▶ Assignment
Scan the records beneath this line for the line holding "мет Алексин" and the line holding "Cercidiphyllum japonicum Fk", then transcribe exactly those two and all lines between.

▶ Provided entries
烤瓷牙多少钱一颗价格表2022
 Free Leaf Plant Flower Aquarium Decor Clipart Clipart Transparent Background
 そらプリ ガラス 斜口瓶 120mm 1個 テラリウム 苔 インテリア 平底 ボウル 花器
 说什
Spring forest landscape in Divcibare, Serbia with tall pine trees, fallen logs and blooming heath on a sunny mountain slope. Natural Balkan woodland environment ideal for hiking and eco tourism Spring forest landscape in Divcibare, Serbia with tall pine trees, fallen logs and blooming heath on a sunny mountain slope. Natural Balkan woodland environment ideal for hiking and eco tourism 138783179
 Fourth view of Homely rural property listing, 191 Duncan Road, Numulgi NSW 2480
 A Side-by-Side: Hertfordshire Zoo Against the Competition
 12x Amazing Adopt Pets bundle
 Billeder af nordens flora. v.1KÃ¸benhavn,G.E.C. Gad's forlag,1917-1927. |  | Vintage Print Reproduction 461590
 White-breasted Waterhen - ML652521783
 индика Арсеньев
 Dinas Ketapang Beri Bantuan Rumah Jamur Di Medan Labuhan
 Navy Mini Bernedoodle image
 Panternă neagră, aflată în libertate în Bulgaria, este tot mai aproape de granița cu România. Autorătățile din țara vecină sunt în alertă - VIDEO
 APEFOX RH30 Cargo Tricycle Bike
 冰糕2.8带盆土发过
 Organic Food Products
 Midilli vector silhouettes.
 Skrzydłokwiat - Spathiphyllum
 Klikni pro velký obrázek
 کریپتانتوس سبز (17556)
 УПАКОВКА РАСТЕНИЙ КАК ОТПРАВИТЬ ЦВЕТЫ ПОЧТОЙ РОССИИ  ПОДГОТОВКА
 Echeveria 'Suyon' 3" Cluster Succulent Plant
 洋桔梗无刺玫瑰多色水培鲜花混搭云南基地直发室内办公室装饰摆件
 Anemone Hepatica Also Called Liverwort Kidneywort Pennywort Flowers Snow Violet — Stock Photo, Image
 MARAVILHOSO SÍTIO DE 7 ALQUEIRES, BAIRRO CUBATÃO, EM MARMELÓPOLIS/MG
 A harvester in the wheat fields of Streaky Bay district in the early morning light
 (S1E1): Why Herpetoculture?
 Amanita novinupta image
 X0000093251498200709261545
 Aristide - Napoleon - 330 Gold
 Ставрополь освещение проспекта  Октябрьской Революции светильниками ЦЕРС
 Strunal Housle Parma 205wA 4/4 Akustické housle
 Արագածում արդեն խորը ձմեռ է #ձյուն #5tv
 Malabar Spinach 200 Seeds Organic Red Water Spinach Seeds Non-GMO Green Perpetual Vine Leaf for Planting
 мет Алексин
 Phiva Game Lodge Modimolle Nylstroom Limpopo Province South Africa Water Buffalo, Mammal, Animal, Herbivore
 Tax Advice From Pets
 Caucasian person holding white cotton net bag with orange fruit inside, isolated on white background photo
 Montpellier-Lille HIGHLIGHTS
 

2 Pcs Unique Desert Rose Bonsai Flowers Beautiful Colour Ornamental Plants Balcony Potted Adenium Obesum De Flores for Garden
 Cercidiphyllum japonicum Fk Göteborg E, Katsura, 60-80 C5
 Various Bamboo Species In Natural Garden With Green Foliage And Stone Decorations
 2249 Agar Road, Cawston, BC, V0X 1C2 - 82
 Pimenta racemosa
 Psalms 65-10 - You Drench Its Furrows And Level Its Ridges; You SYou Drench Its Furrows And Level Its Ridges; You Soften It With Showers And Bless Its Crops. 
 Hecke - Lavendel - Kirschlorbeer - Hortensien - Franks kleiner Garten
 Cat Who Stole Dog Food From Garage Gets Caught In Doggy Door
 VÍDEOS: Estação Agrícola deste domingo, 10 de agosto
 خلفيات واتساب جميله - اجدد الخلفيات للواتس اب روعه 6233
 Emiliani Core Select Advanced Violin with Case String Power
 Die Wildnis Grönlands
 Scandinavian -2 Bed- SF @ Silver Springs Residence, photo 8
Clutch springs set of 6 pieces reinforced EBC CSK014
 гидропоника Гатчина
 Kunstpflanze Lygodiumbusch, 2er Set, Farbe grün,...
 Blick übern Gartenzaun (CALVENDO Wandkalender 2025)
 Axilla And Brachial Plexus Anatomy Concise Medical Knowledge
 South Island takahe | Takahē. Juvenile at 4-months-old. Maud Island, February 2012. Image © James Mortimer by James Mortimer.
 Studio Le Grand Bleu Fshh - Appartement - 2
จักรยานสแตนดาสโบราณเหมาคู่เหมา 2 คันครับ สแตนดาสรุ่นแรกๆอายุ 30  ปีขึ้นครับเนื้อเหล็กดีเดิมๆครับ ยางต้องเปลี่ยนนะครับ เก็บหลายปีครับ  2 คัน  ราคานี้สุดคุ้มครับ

▶ Answer to this task
 мет Алексин
 Phiva Game Lodge Modimolle Nylstroom Limpopo Province South Africa Water Buffalo, Mammal, Animal, Herbivore
 Tax Advice From Pets
 Caucasian person holding white cotton net bag with orange fruit inside, isolated on white background photo
 Montpellier-Lille HIGHLIGHTS
 

2 Pcs Unique Desert Rose Bonsai Flowers Beautiful Colour Ornamental Plants Balcony Potted Adenium Obesum De Flores for Garden
 Cercidiphyllum japonicum Fk Göteborg E, Katsura, 60-80 C5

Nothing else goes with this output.